It turns out that Question 3.21 are closely related. Loosely speaking, one can say that \(A + B\) “gets bigger” the same way as \(A \cap B\) “gets smaller”. To give a precise meaning to this one needs the concept of the dimension of a vector space. Understanding the dimension of a vector space requires combining two preliminary notions, that of a generating system and that of linear independence below (Definition 3.46).

Definition 3.40

A collection \(v_1, \dots, v_n\) of vectors is a generating system if

\[ L(v_1, \dots, v_n) = V \]

or, equivalently, if every vector \(w \in V\) is an appropriate linear combination of these vectors. We also say that these vectors span \(V\) if this is the case.

Example 3.41

The vectors \(e_1 := (1, 0, \dots, 0)\), \(e_2 = (0, 1, 0, \dots, 0)\) up to \(e_n = (0, \dots, 0, 1)\) are a generating system. Indeed, each vector \(x = (x_1, \dots, x_n) \in {\bf R}^n\) is a linear combination of these, namely

\[ x = x_1 \cdot e_1 + \dots + x_n \cdot e_n. \]

Example 3.42

We have observed in Example 3.31 that the vectors \(e_1 = (1, 0, 0)\) and \(e_2 = (0, 1, 0)\) in \({\bf R}^3\) are not a generating system since they only span the subspace

\[ L(e_1, e_2) = \{ (x, y, 0) \ | \ x, y \in {\bf R} \} \]

which is not the entire \({\bf R}^3\) (e.g., \((0,0,1)\) is missing).

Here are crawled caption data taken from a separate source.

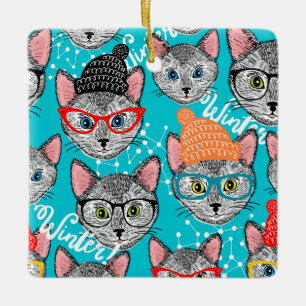 Ornement En Céramique Chat dans le casquette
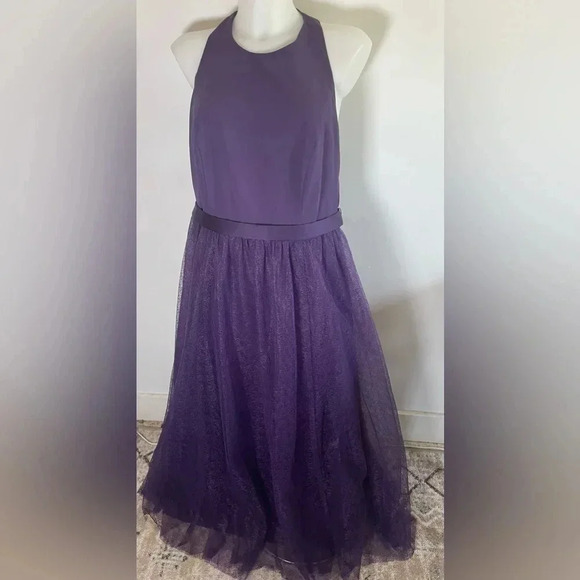 Vera Wang Bridesmaid Amethyst Purple‎ Racer Back High Neck Dress Plus Size 18 - Picture 3 of 12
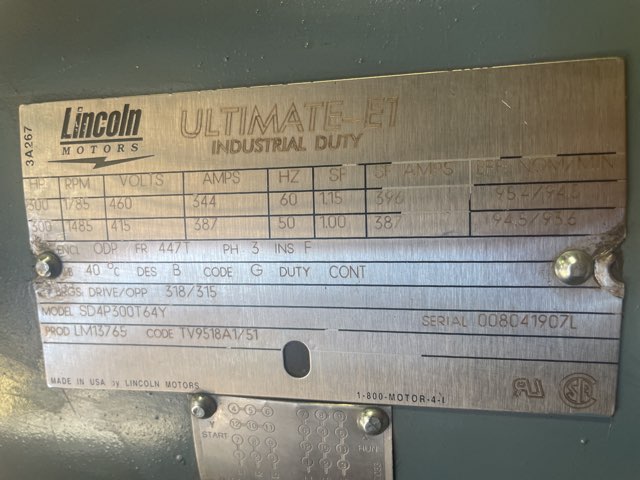 Lincoln 300 HP 1800 RPM 447T Squirrel Cage Motors 91746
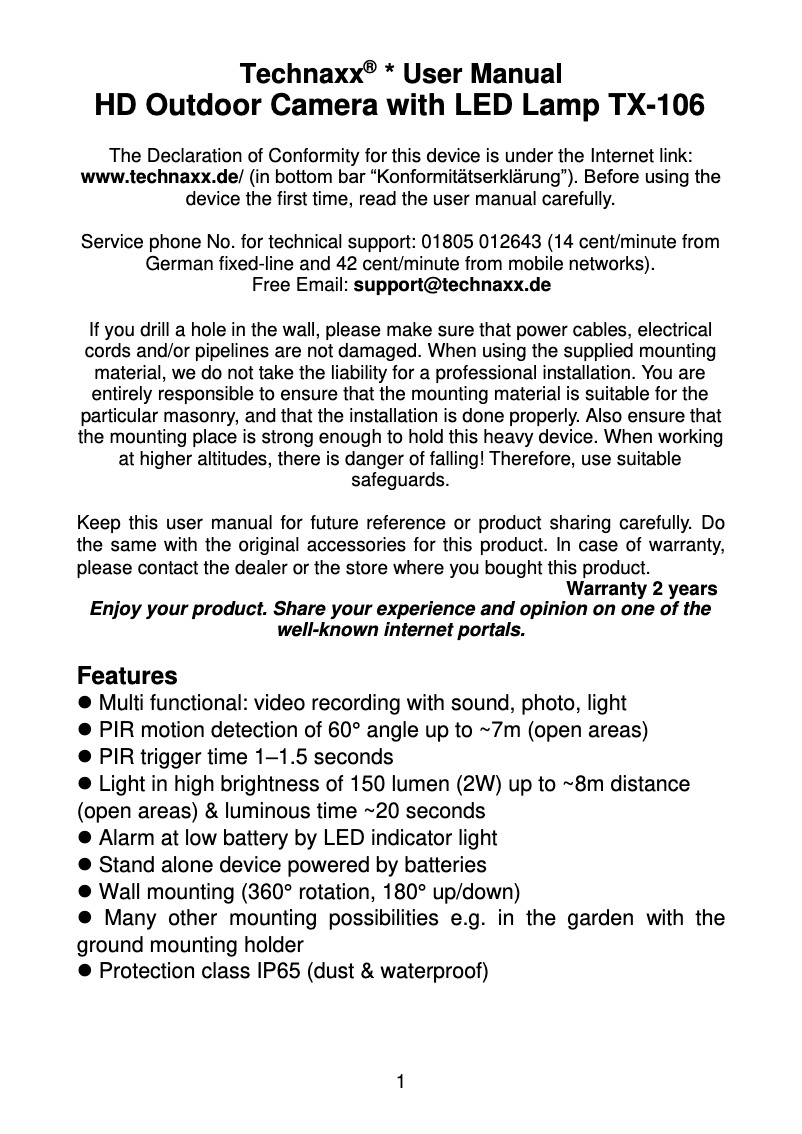 Page 1 de la notice Manuel utilisateur Technaxx TX-106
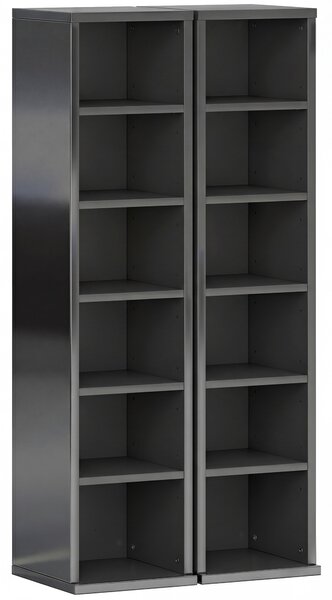 HOMCOM Set of 2 CD Media Display Shelf Unit Tower Rack with Adjustable Shelves, High Gloss Black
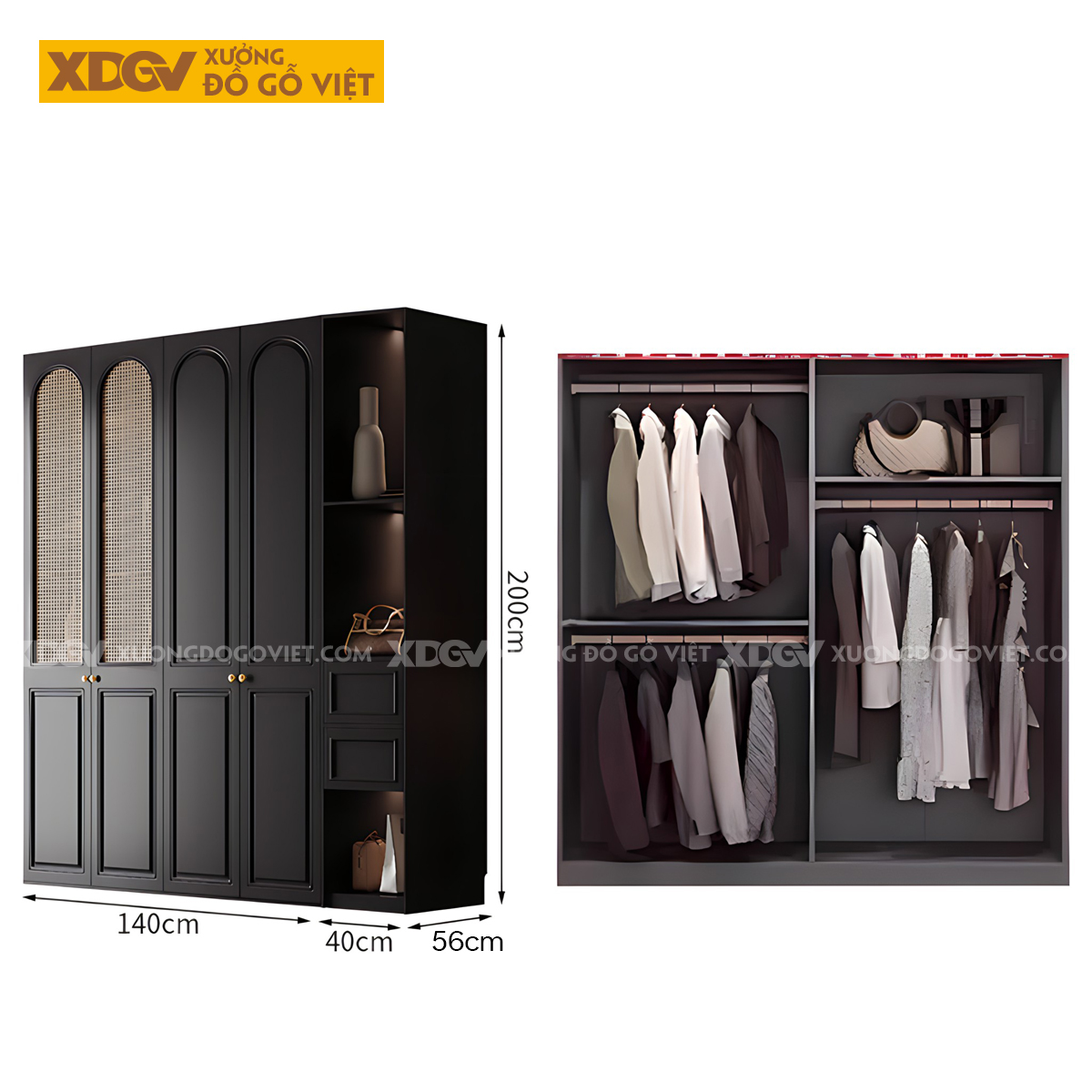 Tủ Áo Quần Gỗ Cao Su Đen Tân Cổ Điển Cánh Mái Vòm Đan Mây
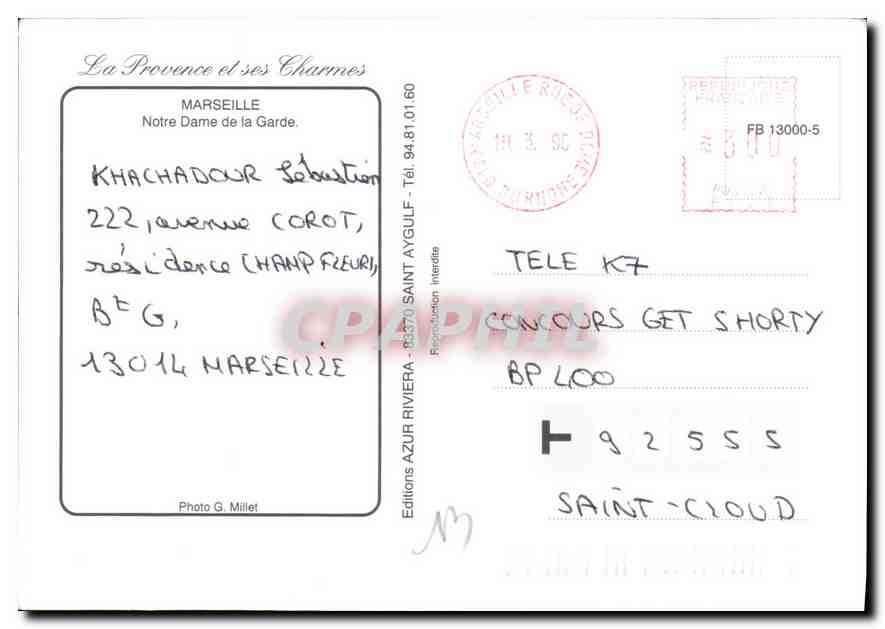 CPM Marseille Notre Dame de la Grace  — Rückseite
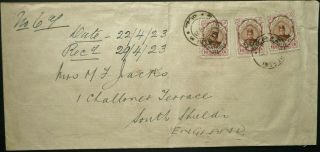 Middle East 22 Apr 1923 Postal Cover W/ 30ch Rate To South Shields,  England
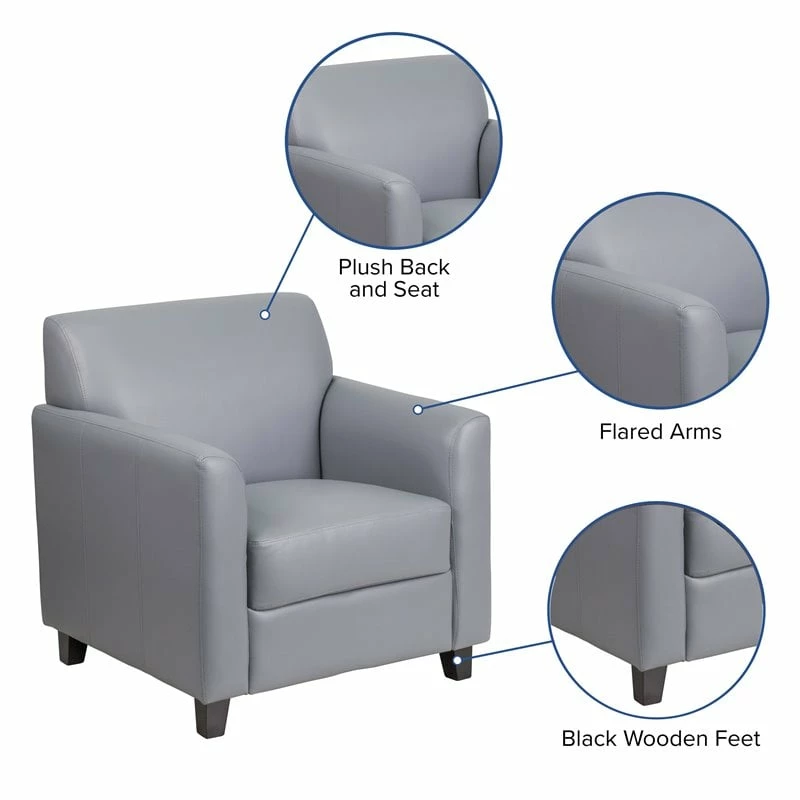 Cheap ???? Flash Furniture Leather Reception Chair In Gray ???? 4 Cheap ???? Flash Furniture Leather Reception Chair In Gray ???? - Image 4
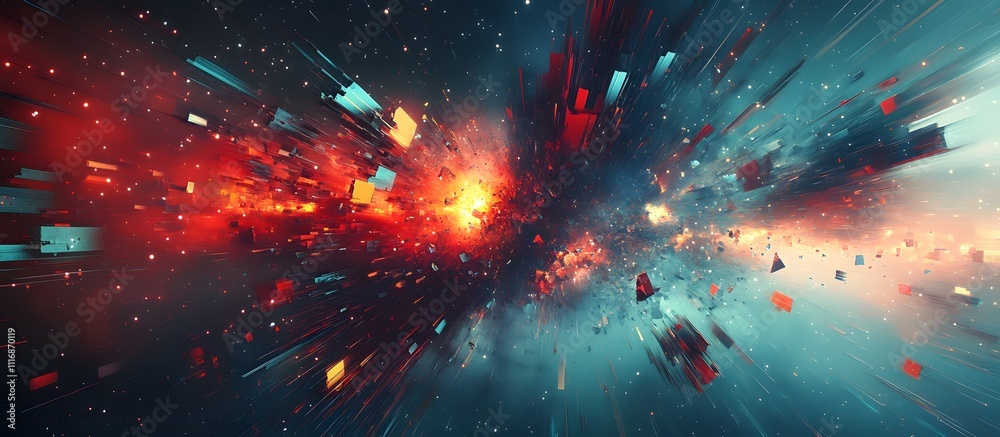 Fototapeta premium Abstract digital art of a vibrant explosion of color and light in space.
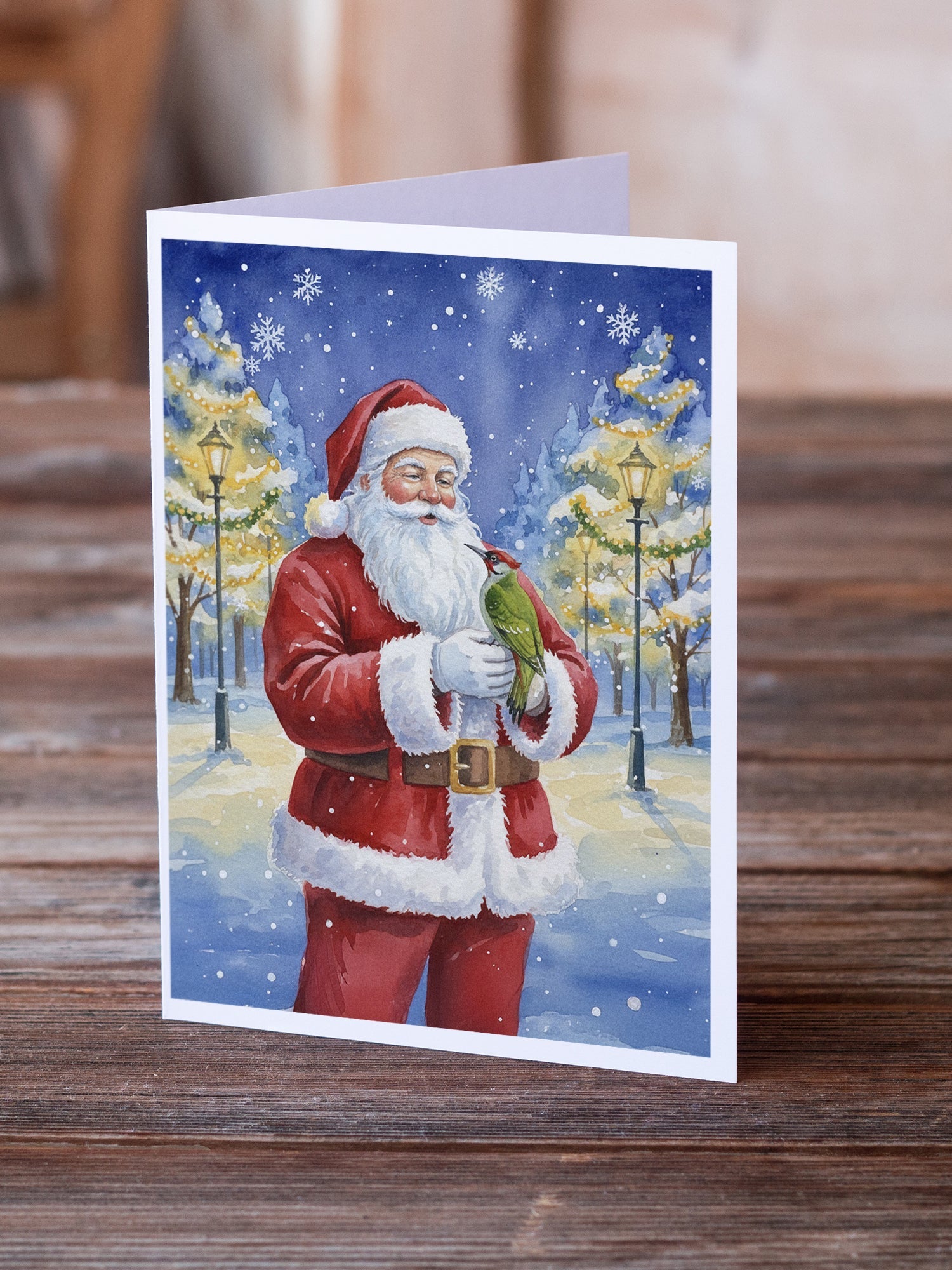 Woodpecker with Santa Claus Greeting Cards Pack of 8 Blank Cards with Envelopes Whimsical A7 Size 5x7
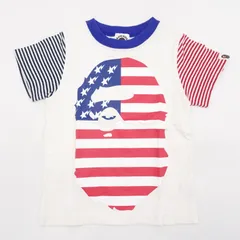 A BATHING APE KIDS アメリカンプリントTシャツ 100センチ 白 ホワイト 赤 青 ベイプキッズ ベビー  子供服 男の子 女の子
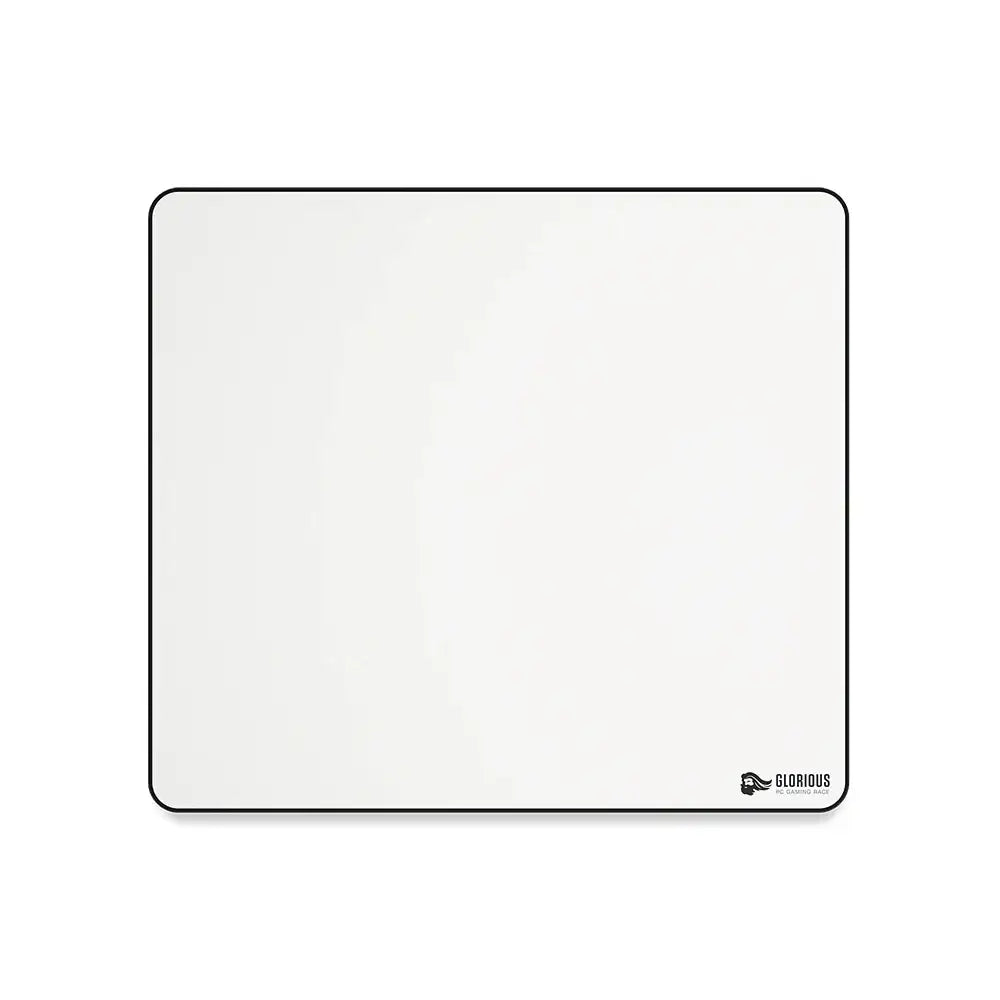 Biała podkładka Glorious Stitch Cloth Mousepad z czarnym brzegiem, logo Glorious w rogu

The following example shows that three arbitrary vectors in \({\bf R}^3\) need not form a generating set.

Example 3.43

Consider the vectors \(v_1 := e_1 = (1, 0, 0)\), \(v_2 = (0, 1, 1)\) and \(v_3 = (2, 1, 1)\). These three vectors do not form a generating set of \({\bf R}^3\). In order to show this and to also understand which vectors are precisely in the span \(L(v_1, v_2, v_3)\), we consider the following equation, where \(w = (x, y, z) \in {\bf R}^3\) is a vector and \(a_1, a_2, a_3 \in {\bf R}\):

\[ w = a_1 v_1 + a_2 v_2 + a_3 v_3. \]

Those vectors \(w\) that can be written in such a form are in the span, those where no such equation holds are not in the span! This is an equation between two vectors in \({\bf R}^3\), i.e., ordered triples. Two such triples are the same precisely if their three components are the same. This leads to the following linear system:

\[ \begin{align*} a_1 \cdot 1 + a_2 \cdot 0 + a_3 \cdot 2 & = x, \\ a_1 \cdot 0 + a_2 \cdot 1 + a_3 \cdot 1 & = y, \\ a_1 \cdot 0 + a_2 \cdot 1 + a_3 \cdot 1 & = z. \end{align*} \]

In this system \(a_1, a_2, a_3\) are the variables, and \(x, y, z\) are parameters (on which the solutions of the system will depend). We form the matrix associated to this linear system, which is

\[ \left ( \begin{array}{ccc|c} 1 & 0 & 2 & x \\ 0 & 1 & 1 & y \\ 0 & 1 & 1 & z \end{array} \right ). \]

We apply Gaussian elimination to that matrix, i.e., subtract the second row from the third:

\[ \left ( \begin{array}{ccc|c} 1 & 0 & 2 & x \\ 0 & 1 & 1 & y \\ 0 & 0 & 0 & z-y \end{array} \right ). \]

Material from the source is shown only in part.